Les plus curieux, auront c’est vrai, aussi, le plaisir d’écouter, de lire, Dany Laferrière et Yanick Lahens. Ces deux grands romanciers ont écrit des livres de grande valeur. Ils ont obtenu des prix et une reconnaissance internationale. Mais leurs œuvres, aux titres révélateurs, confirment au-delà de l’esthétique et de la littérature, leurs doutes, leurs interrogations, leur perplexité : Dany Laferrière a publié L’énigme du retour, Yanick Lahens L’Exil, entre l’ancrage et la fuite.

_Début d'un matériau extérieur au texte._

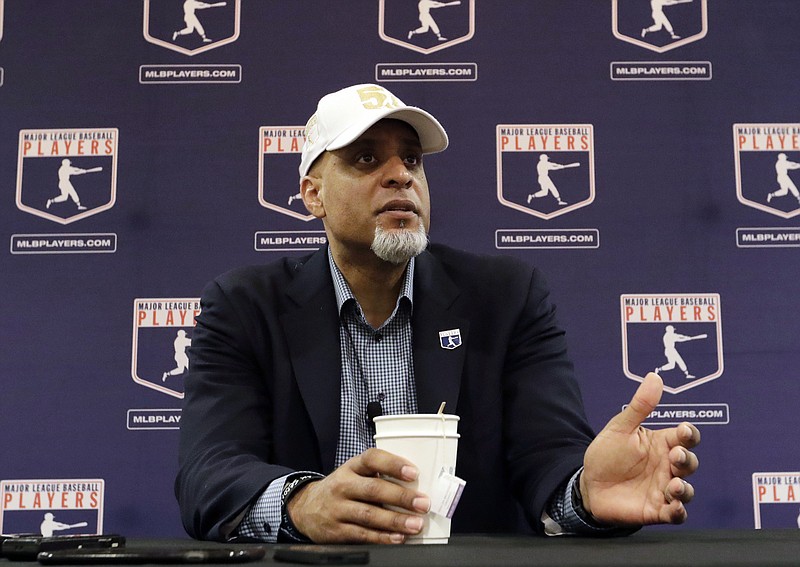 FILE - In this Feb. 19, 2017, file photo, Major League Players Association Executive Director Tony Clark, answers questions at a news conference in Phoenix. Commissioner Rob Manfred says there might be no major league season after a breakdown in talks between teams and the union on how to split up money in a season delayed by the coronavirus pandemic. The league also said several players have tested positive for COVID-19. Two days after union head Clark declared additional negotiations futile, Deputy Commissioner Dan Halem sent a seven-page letter to players' association chief negotiator Bruce Meyer asking the union whether it will waive the threat of legal action and tell MLB to announce a spring training report date and a regular season schedule. (AP Photo/Morry Gash, File)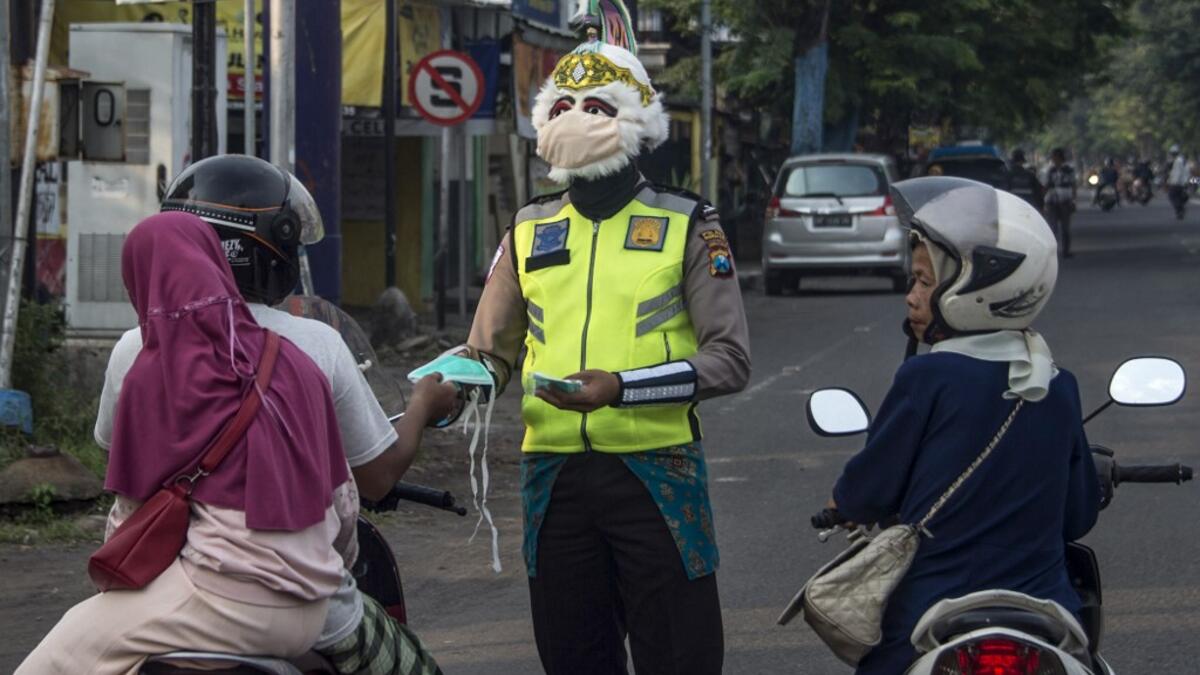 A police officer wearing a Indonesian a superhero costume on the street gives face masks to motorists in Pasuruan, East Java on April 9, 2020, amid concert to the COVID-19 coronavirus. JUNI KRISWANTO / AFP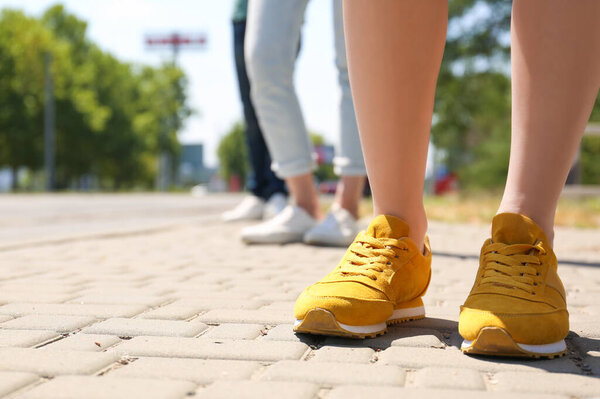 People keeping social distance in line outdoors, closeup. Coronavirus pandemic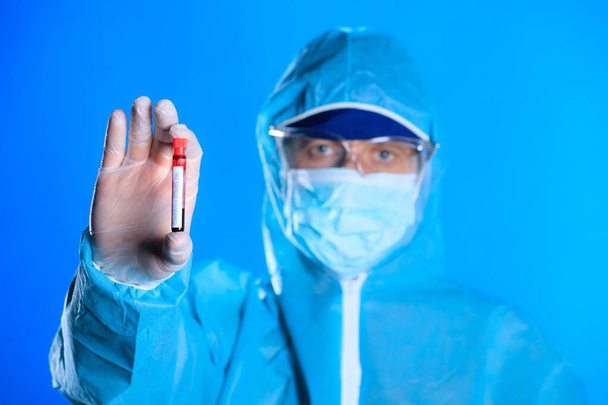 Ιός του Coronavirus έννοια ανάλυση αίματος. Δοκιμαστικός σωλήνας με δείγμα αίματος στο χέρι του γιατρού, κοντινή προβολή. - Φωτογραφία, εικόνα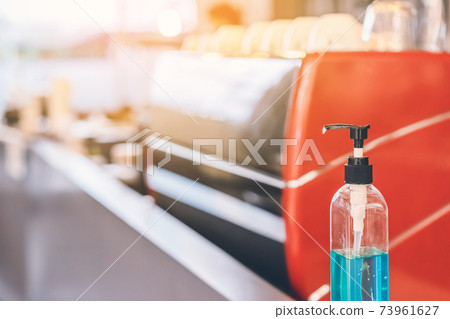 Blue alcohol gel bottle for hands cleaning to prevent the spreading of the Corona virus (Covid-19), Place the entrance service for customers in the cafe. Healthcare concept. New normal lifestyle. Blue alcohol gel bottle for hands cleaning to prevent the spreading of the Corona virus (Covid-19), Place the entrance service for customers in the cafe. Healthcare concept. New normal lifestyle. 73961627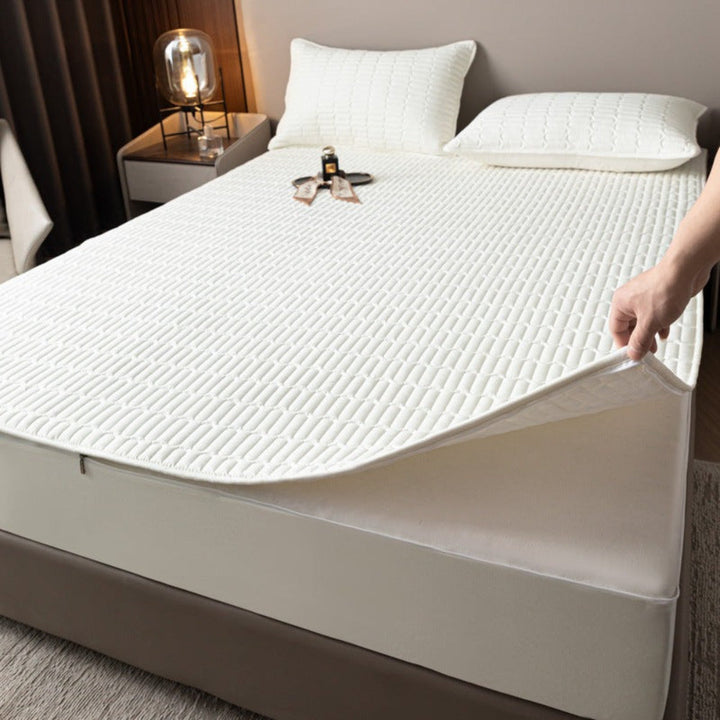 Machine washable waterproof mattress protector with antibacterial full enclosure. Ensures superior sleep hygiene.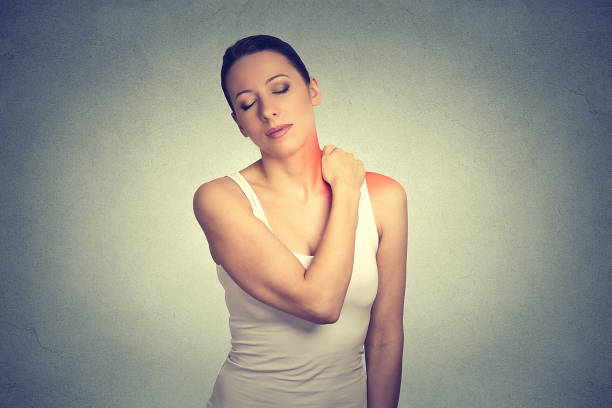 dolor. mujer con cuello hombro doloroso de color rojo aislado sobre fondo de pared gris - rotator cuff fotografías e imágenes de stock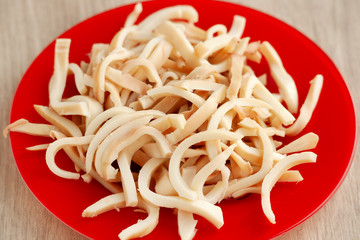 Sliced squid on a bright saucer. Seafood in the form of squid close-up. Cooking dish of squid. Protein in seafood.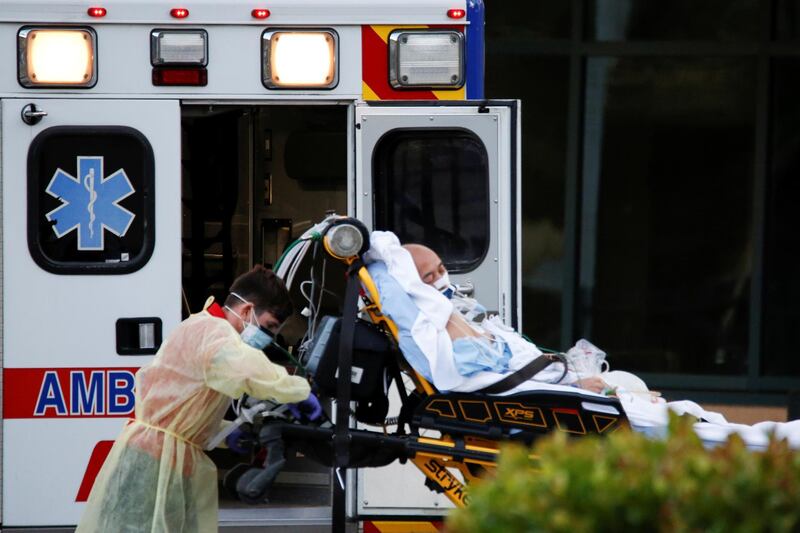 Rescue workers push a stretcher with a patient from the Zaandam of the Holland America Line cruise ship, afflicted with coronavirus disease (COVID-19), at Broward Heatlh Medical Center in Fort Lauderdale, Florida, U.S., April 2, 2020. REUTERS/Marco Bello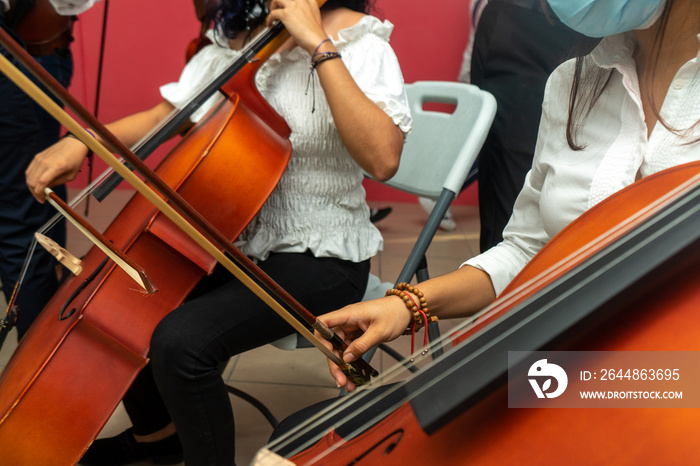 Hispanic girl having music lessons of cello during coronavirus pandemic.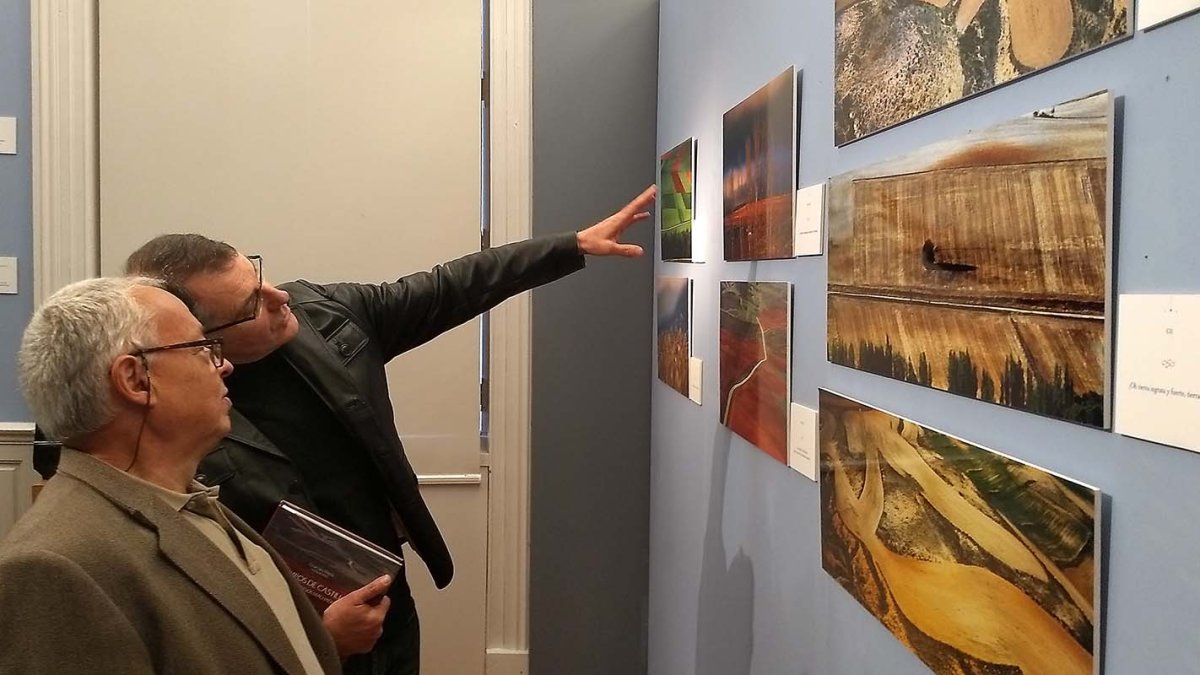 El fotógrafo sorianoCésar Sanz explica a Gonzalo Santonja imágenes de la exposición. ECB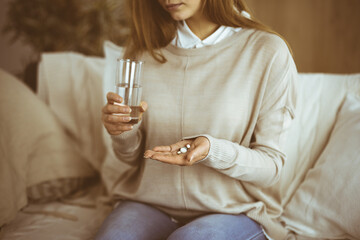 Fototapeta premium Close-up woman holding pills time to take medications, cure for headache, high blood pressure pain killer drugs at home. Stay at home concept during Coronavirus pandemic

Le sol de Haïti se dérobe, souvent, physiquement, comme intellectuellement. Glissements poussant les Haïtiens parfois de manière perlée, souvent par borborygmes de masse, à voter avec les pieds, à fuir vers la République dominicaine, les États-Unis, le Canada et la France, et plus récemment vers le Brésil, le Chili, la Colombie et le Mexique. L’accueil qui leur est réservé n’a rien à voir avec celui offert aux réfugiés ukrainiens. Les milliers de Haïtiens ayant essayé de passer du Mexique aux États-Unis en septembre 2021, ont été cravachés par les gardes-frontières, à Del Rio, Texas. Les Ukrainiens en revanche ont bénéficié d’un portillon particulier, ouvert à l’aéroport de Tijuana ou dans la ville frontalière de San Ysidro.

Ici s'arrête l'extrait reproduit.